Though there has been some form of building on this site from the middle ages what is visible today is the result of work from the 18th century up to the late 20th century as the property passed through a convoluted chain of inheritance. The structure of the garden dates from 1728 when Sir Walter Calverley Blackett inherited the house and estate. He developed it in the contemporary style which was evolving into what became known as the landscape movement.
The gardens themselves could not be called truly of the landscape style but elements of it are there. The grounds rely largely on grassland and woods with little decorative planting and contain a number of follies and other buildings including a Palladian style bridge but it lacks the bold sweeping statements that the style was to come to represent. The great proponent of that movement, ‘Capability’ Brown, was actually born very nearby but while he may well have been aware of the property there is no know proof that he had any direct involvement it its design.
Over this structure are Victorian influences that have shaped the garden as fashions changed, leaving a garden which has a largely woodland feel to it. If you walk east through the woods, you come to what was the kitchen garden. Originally this was to supply the house with food but on inheriting the property in 1886 Sir George Otto Trevelyan developed it into an ornamental garden which was strongly influenced by the then Arts and Crafts movement.
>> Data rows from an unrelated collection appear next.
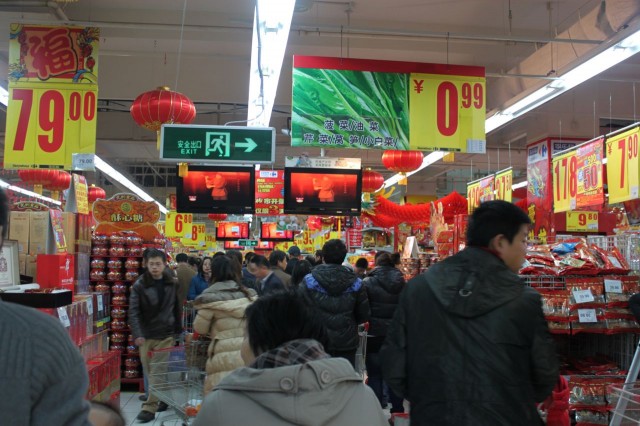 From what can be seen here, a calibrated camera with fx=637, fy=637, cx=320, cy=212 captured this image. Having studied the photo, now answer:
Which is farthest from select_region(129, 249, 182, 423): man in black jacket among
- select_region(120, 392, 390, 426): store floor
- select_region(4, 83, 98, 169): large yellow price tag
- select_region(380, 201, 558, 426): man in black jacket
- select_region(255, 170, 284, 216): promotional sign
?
select_region(255, 170, 284, 216): promotional sign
The walled garden fell into disrepair, partly due to the wars, and so it was redesigned in the 1960’s and early 1970’s by Graham Stuart Thomas, working for the national trust, but still in the Arts and Craft style.
The walled garden is what today we would see as the most ornamental part of the garden but it does feel out of keeping with the remainder as it shares very little in terms of style with the remainder of the garden and is stuck on the very east edge of the garden, a good 500 metres from the house as the crow flies.